The blocked passes also backs up my thought that he probably isn’t responsible for the higher-than-average passes to the slot in the Jets’ end and he doesn’t appear to be a significantly irresponsible player in terms of allowing passes through.
So far, compared to the first couple seasons of Laine’s career, it looks like he’s actually been making strides defensively, but we still need to look at his puck management. Is Laine turning the puck over a ton and undoing all this good work?
Unfortunately, the answer to that seems to be a resounding yes. His defensive zone turnover rate this season is disastrous, much higher than the team average, and leads to more chances in which teammates aren’t in position to defend properly.
A higher O-zone turnover rate for an offence-focused player is to be expected, because they take more risks to create offence, and turnovers in the offensive zone are generally less dangerous than in the defensive or neutral zones, but the problem here for Laine is that he’s turning the puck over more often per possession in every zone.
Not only does this make Laine a risky player with the puck, but it also makes him a target for opposing checkers, because teams can smell blood in the water when a player is having trouble handling the puck effectively, which just exacerbates the problem.

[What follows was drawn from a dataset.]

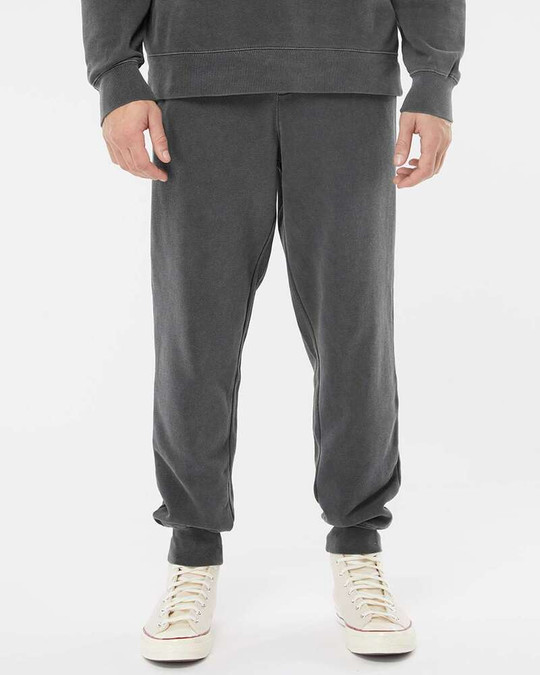 Independent Trading Co. PRM50PTPD - Pantalones de felpa teñidos con pigmento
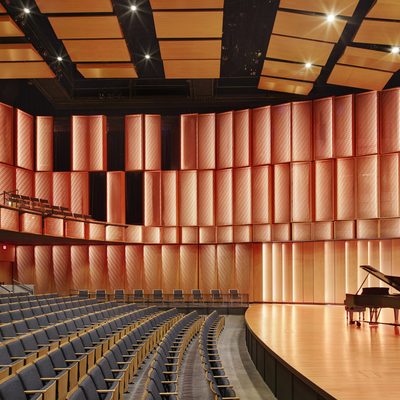 View of Kracum Performance Hall from stage left.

Of the 357 forwards who have played 300 or more minutes in the NHL this season, only one turns the puck over more often than Laine at 22.9 per cent, and that’s Montreal’s Nicolas Deslauriers at 23 per cent. Since Laine handles the puck more often, no forward in that cohort produces more defensive zone turnovers per 20 minutes of ice time than Laine’s 3.08.
This is a major issue for Laine that he needs to work on, and while I wouldn’t come anywhere close to agreeing with Burke that Laine brings only goals to the table, it would help if he was a bit more careful in his own zone.
Andrew Berkshire is a hockey writer specializing in data-driven analysis of the game.